Here are my top tips for keeping your overall wellbeing in check:
- Look after your mind – if you feel tired, irritable, anxious, less interested in things, or have trouble eating or sleeping you may be suffering from depression. It’s important you get professional help as soon as you can; many doctors are now doing virtual appointments, so they’ll still be able to help whilst staying safe. At RGU we have a dedicated Counselling and Wellbeing team. If you are struggling with any aspect of your physical or mental wellbeing then please get in touch with them: email@example.com; www.rgu.ac.uk/counselling-and-wellbeing
- Eat yourself happy - it’s so tempting right now to eat loads of fatty sugary foods and load up on the carbs but it’s important to resist! Eating these foods can make you lethargic and irritable. Maintain a healthy diet and keep your body and mind fuelled and happy.

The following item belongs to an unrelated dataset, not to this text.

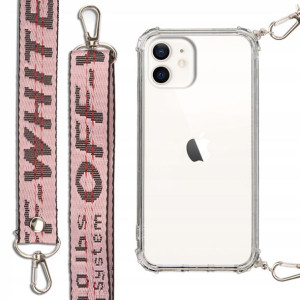 Etui Antishock + Smycz Róż do IPHONE 12 Case Mocna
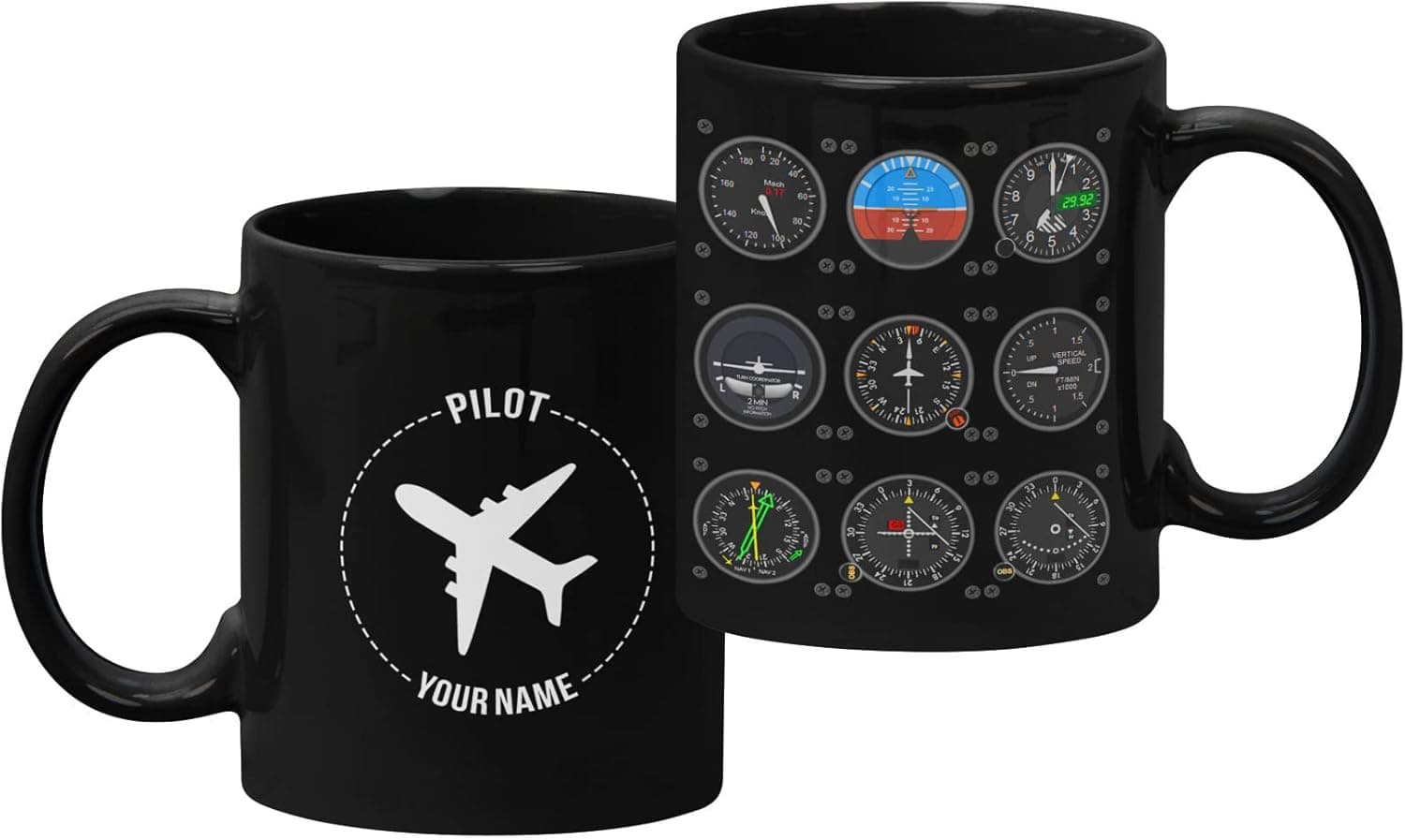Personalized Pilot Indicator Mugs - Pilot Meter Aircraft Flight Deck Mug Gift for Men Women Kids - Add Your Name - Black Ceramic Coffee Mug - 11oz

- Get active! – there are plenty of ways to stay fit from home, with a number of initiatives put in place in the RGU sport community. There are many group exercise classes to get behind and engage with! Exercise releases feel good endorphins, helping us to feel relaxed and boost our mood.
- Make the most of the light – with the days being short it’s easy for the winter blues to set in. Make sure you’re awake and active when its light outside to allow you to make the most of the day. Go for a walk or get shopping during day light times.
- Keep warm - Advice from the NHS tells us being cold may make you feel more depressed, so staying warm may reduce the winter blues. Keep warm with hot drinks, hot food and warm clothes and shoes. Try and keep your home between 18C and 21C (or 64F and 70F degrees).
- Talk!!! – having a chat or just talking to someone can improve your mood massively and make it easier to deal with these tough times. As you can’t visit family or friends in person then use zoom, whatsapp or facetime to get a catch up.
- Share – whether with family, friends or a therapist, it’s important to share how you feel. Lots of people are feeling anxious during these difficult and unpredictable times. Never feel like you’re the only one.
At RGU we provide many other support services such as religious support, Student Help Point, the Inclusion Centre (disability and dyslexia) and Careers support. Find out more in the Support and Welcome tabs of Campus Moodle.